Published in final edited form as: Eur J Pharmacol. 2014 Sep 27;743:42–47. doi: 10.1016/j.ejphar.2014.09.022

Sigma receptors as potential therapeutic targets for neuroprotection

Linda Nguyen 1, Nidhi Kaushal 1, Matthew J Robson 1, Rae R Matsumoto 1,*
PMCID: PMC4454619  NIHMSID: NIHMS637799  PMID: 25261035

Abstract

Sigma receptors comprise a unique family of proteins that have been implicated in the pathophysiology and treatment of many central nervous system disorders, consistent with their high level of expression in the brain and spinal cord. Mounting evidence indicate that targeting sigma receptors may be particularly beneficial in a number of neurodegenerative conditions including Alzheimer's disease, Parkinson's disease, stroke, methamphetamine neurotoxicity, Huntington's disease, amyotrophic lateral sclerosis, and retinal degeneration. In this perspective, a brief overview is given on sigma receptors, followed by a focus on common mechanisms of neurodegeneration that appear amenable to modulation by sigma receptor ligands to convey neuroprotective effects and/or restorative functions. Within each of the major mechanisms discussed herein, the neuroprotective effects of sigma ligands are summarized, and when known, the specific sigma receptor subtype(s) involved are identified. Together, the literature suggests sigma receptors may provide a novel target for combatting neurodegenerative diseases through both neuronal and glial mechanisms.
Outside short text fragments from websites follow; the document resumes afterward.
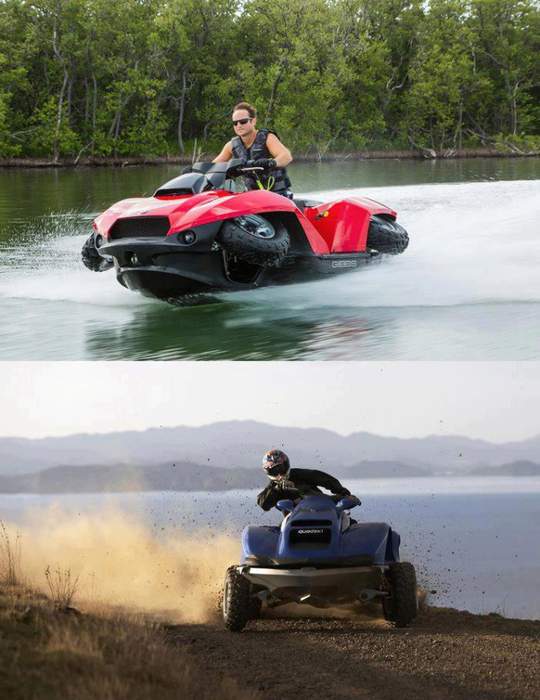 неужели не видно, что это разные модели?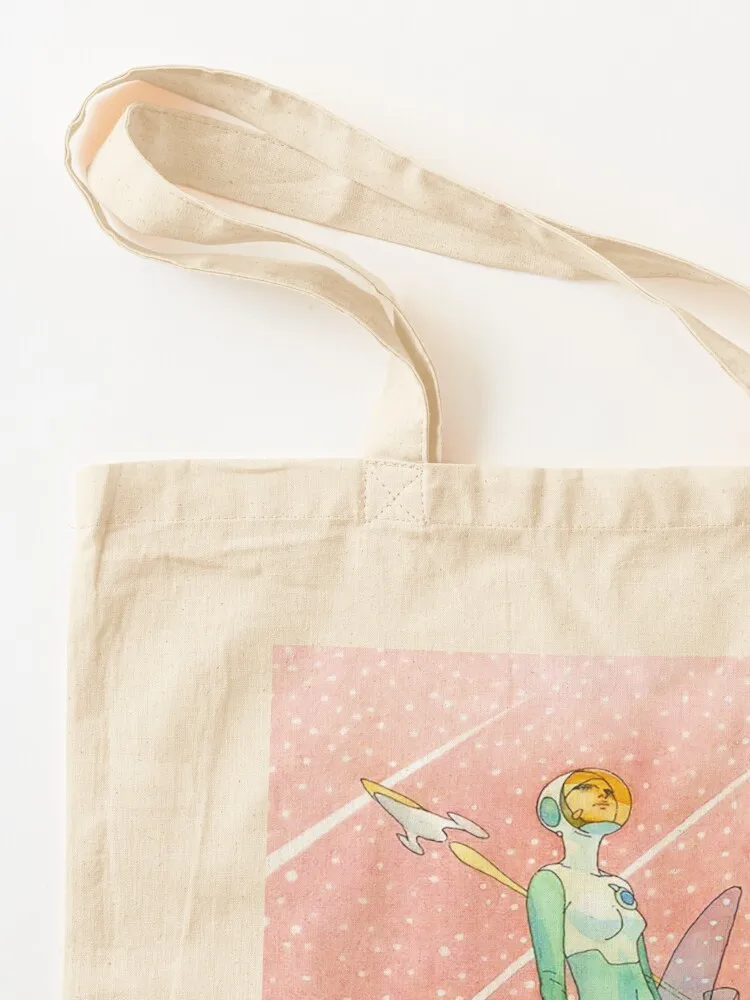 Art by Jean Giraud Tote Bag Тканевая сумка Роскошная женская сумка-шоппер Холщовая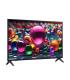 Televisor LG UHD 43UA75006LA 43'  Ultra HD 4K  Smart TV  WiFi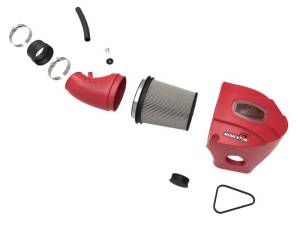 aFe - aFe POWER Momentum GT Limited Edition Cold Air Intake 11-17 Dodge Challenger/Charger SRT - Red - 51-72203-R - Image 7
Keywords: Glia, Neurodegeneration, Neurotoxicity, Sigma receptors

1. Sigma receptor background

Sigma receptors were first proposed in 1976 based on pharmacological studies, followed by biochemical characterizations during the 1980s (Matsumoto et al., 2007). Today, two subtypes of sigma receptors are recognized, sigma-1 and sigma-2. Both subtypes are highly expressed within the central nervous system (CNS), and they can be distinguished from each other based on differences in their drug selectivity patterns and molecular biological profiles (Matsumoto et al., 2007).

Sigma-1 receptors are ligand-gated chaperone proteins. They have been cloned with high homology and identity in several species including rodents and humans (Matsumoto et al., 2007). Upon ligand activation, they can translocate to different cellular compartments and have been reported in the endoplasmic reticulum (ER), mitochondria, nuclear membrane, and plasma membrane (Matsumoto et al., 2007). As chaperones, they do not possess their own signaling machinery like G protein coupled receptors (GPCRs), and instead, transduce alterations in cellular function by modulating other cellular targets (Su et al., 2010). In general, deficits in sigma-1 receptors are associated with neurodegeneration, while activation or overexpression of this subtype can convey neuroprotective effects or rescue cells from damage in a number of model systems (Table 1).

Table 1.

Summary of selected neuroprotective effects of sigma ligands on disease model systems. METH, methamphetamine. MCAO, middle cerebral artery occlusion. PPBP, 4-phenyl-1-(4-phenylbutyl) piperidine.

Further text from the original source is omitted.